[Dataset excerpts]
____

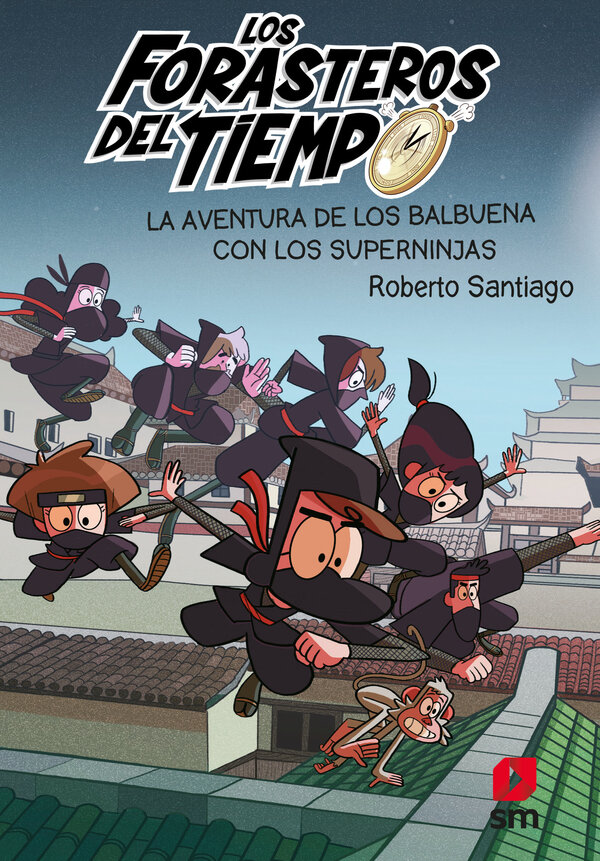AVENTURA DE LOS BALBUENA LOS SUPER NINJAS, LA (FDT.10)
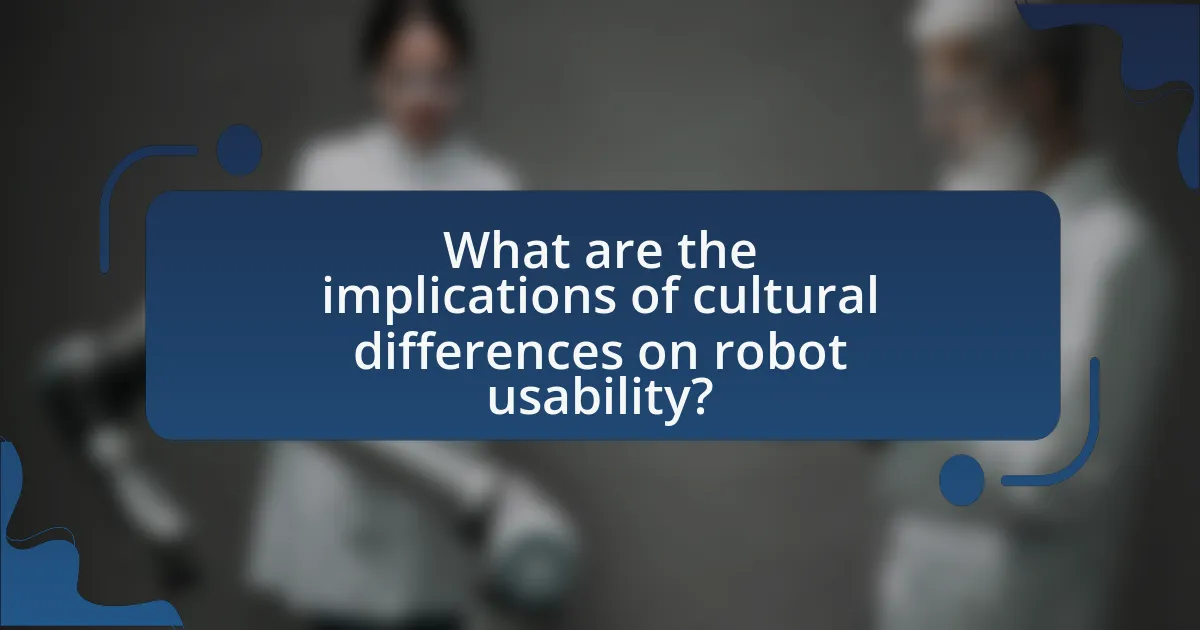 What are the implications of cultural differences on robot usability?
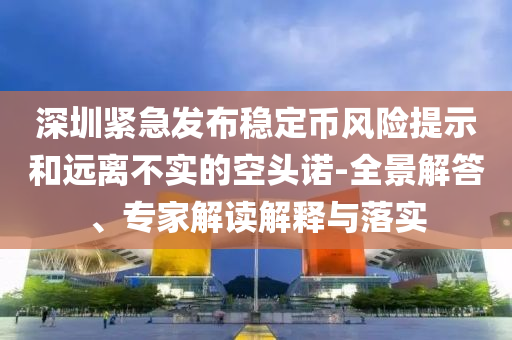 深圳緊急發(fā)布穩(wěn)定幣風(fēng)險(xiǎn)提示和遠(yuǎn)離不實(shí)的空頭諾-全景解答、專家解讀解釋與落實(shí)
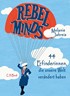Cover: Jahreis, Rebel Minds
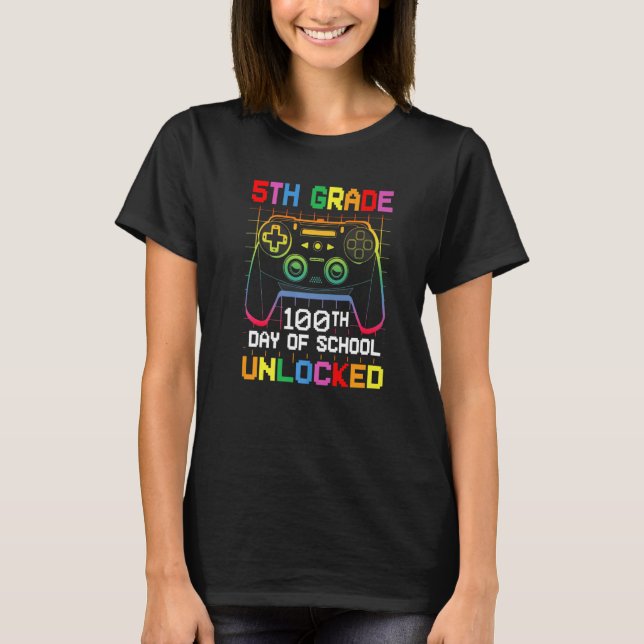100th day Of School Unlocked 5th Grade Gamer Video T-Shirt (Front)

____

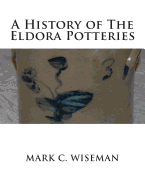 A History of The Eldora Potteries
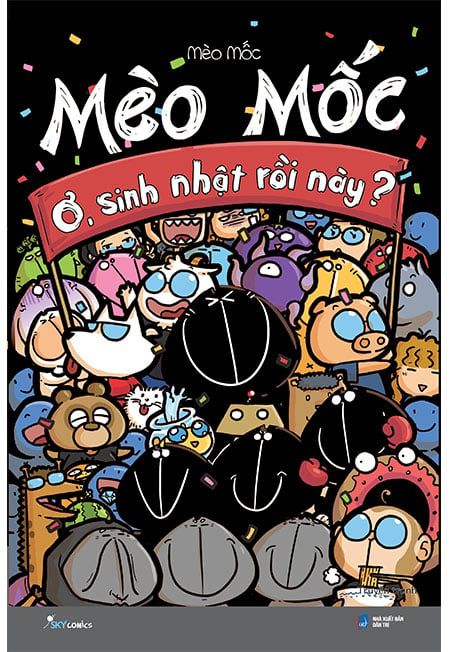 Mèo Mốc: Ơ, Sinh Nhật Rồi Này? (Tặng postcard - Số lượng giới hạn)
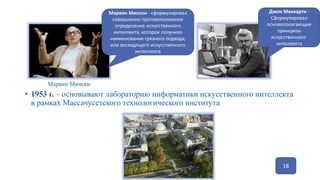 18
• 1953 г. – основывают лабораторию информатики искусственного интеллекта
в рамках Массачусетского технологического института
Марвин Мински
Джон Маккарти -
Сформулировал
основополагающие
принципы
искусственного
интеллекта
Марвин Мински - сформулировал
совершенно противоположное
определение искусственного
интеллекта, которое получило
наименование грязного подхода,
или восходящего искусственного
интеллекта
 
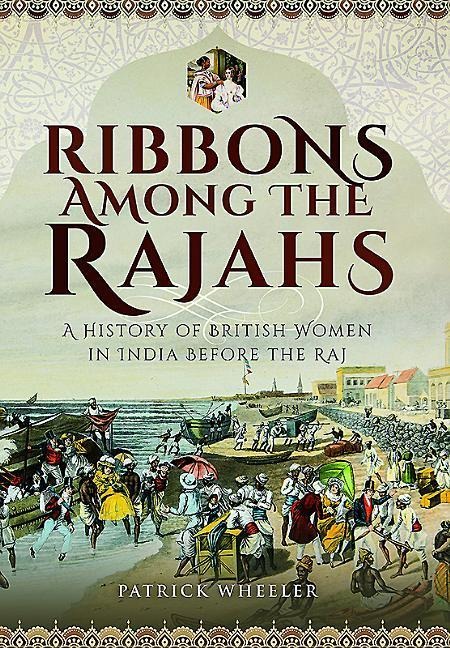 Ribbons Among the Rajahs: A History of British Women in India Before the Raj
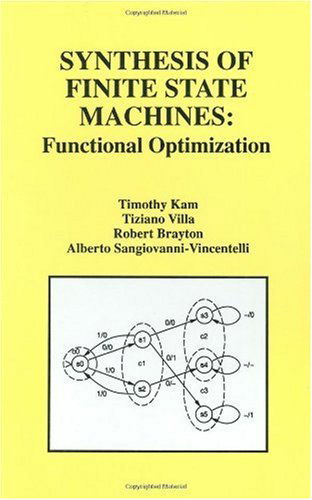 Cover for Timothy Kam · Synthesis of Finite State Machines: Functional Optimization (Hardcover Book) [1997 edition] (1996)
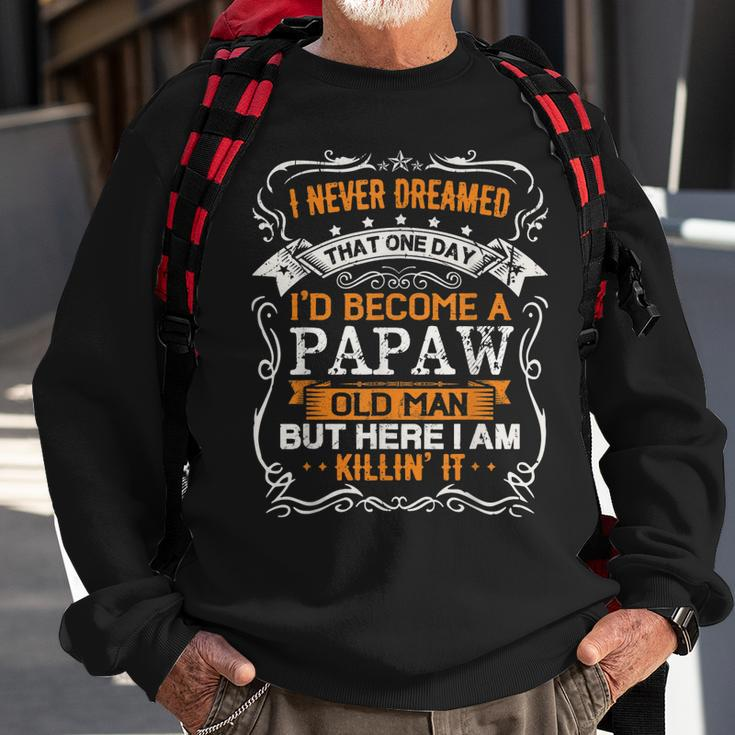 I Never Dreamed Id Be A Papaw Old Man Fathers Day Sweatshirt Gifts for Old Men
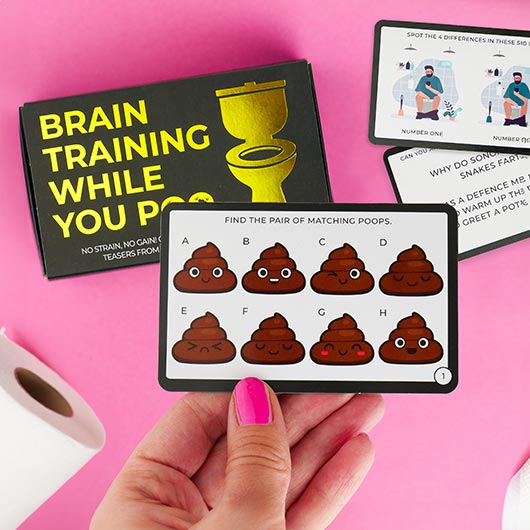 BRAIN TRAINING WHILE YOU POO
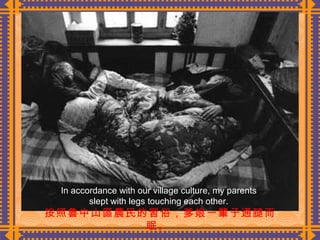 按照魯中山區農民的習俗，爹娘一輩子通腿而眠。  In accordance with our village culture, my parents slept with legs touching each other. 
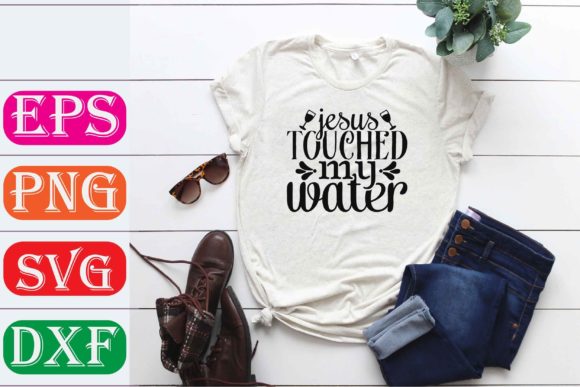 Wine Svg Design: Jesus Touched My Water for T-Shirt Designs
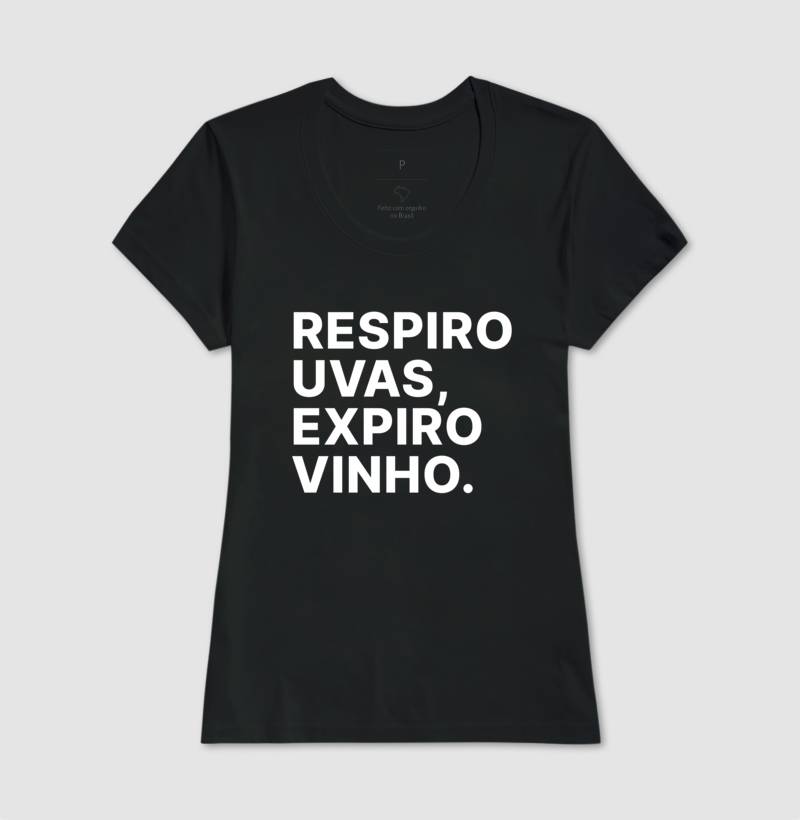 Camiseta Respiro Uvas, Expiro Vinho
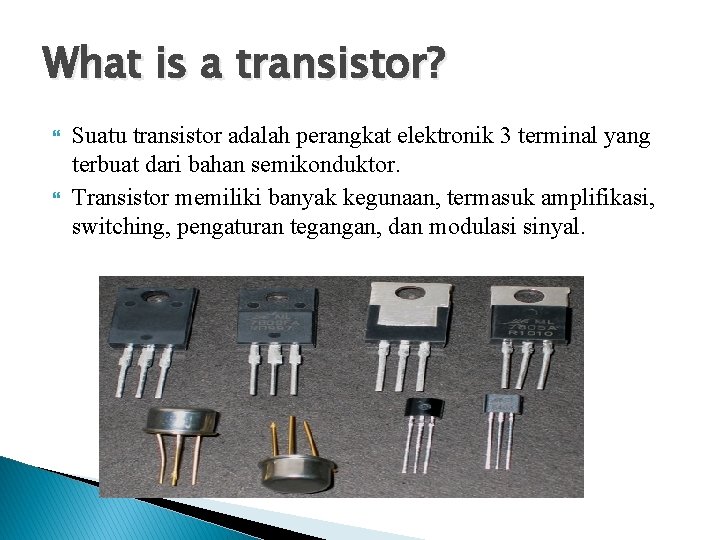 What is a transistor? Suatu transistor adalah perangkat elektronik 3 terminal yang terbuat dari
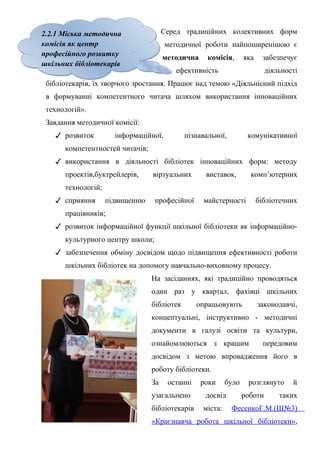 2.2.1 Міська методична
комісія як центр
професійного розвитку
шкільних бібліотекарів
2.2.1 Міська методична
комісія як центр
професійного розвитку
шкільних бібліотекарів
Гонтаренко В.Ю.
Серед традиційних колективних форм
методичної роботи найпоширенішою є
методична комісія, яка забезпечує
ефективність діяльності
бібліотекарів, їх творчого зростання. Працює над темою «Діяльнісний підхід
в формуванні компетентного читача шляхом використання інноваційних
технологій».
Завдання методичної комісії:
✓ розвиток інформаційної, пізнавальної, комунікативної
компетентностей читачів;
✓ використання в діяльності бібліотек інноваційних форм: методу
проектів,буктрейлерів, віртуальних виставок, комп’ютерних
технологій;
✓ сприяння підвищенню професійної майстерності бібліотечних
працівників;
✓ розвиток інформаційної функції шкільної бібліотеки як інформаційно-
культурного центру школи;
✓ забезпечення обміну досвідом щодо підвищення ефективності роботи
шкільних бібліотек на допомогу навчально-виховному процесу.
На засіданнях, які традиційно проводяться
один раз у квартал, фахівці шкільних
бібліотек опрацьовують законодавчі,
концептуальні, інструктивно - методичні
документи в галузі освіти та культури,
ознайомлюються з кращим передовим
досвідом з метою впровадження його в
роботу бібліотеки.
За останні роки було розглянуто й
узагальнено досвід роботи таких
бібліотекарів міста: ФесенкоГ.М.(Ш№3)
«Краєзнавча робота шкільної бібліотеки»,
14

____

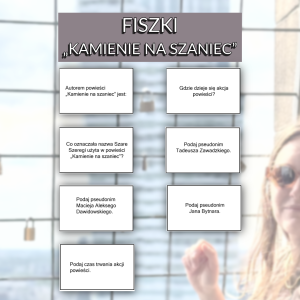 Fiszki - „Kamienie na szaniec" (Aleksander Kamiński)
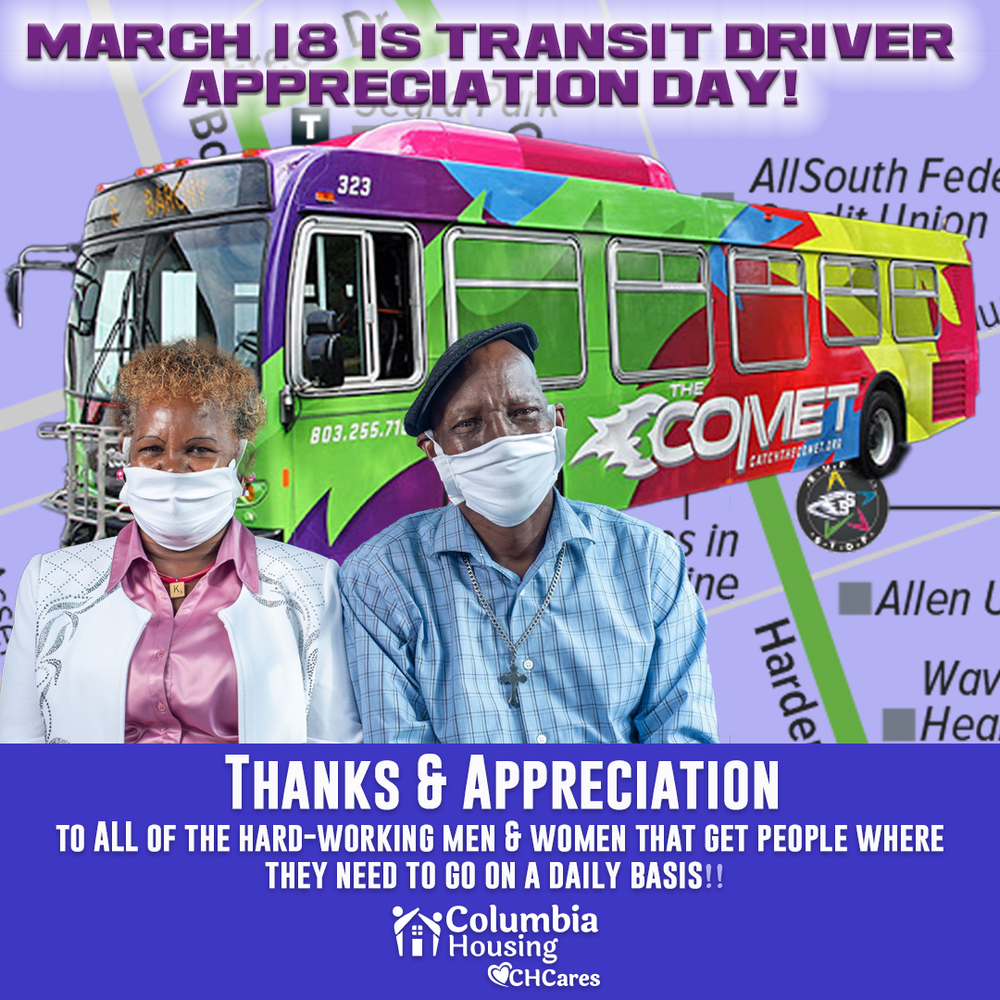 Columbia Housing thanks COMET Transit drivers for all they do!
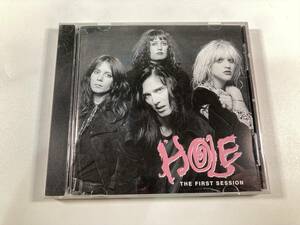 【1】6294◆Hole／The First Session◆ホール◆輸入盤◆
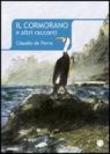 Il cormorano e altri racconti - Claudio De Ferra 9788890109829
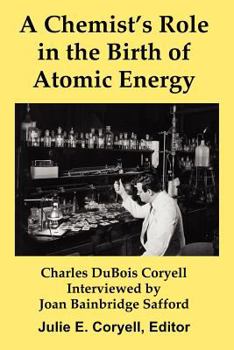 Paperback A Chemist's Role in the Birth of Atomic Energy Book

____

• _WHAT THIS TASK INVOLVES_
Working from the records above, write out verbatim only the lines from the line containing "ефективність діяльності" through the line containing "технологій;".

• _ANSWER SECTION_
ефективність діяльності
бібліотекарів, їх творчого зростання. Працює над темою «Діяльнісний підхід
в формуванні компетентного читача шляхом використання інноваційних
технологій».
Завдання методичної комісії:
✓ розвиток інформаційної, пізнавальної, комунікативної
компетентностей читачів;
✓ використання в діяльності бібліотек інноваційних форм: методу
проектів,буктрейлерів, віртуальних виставок, комп’ютерних
технологій;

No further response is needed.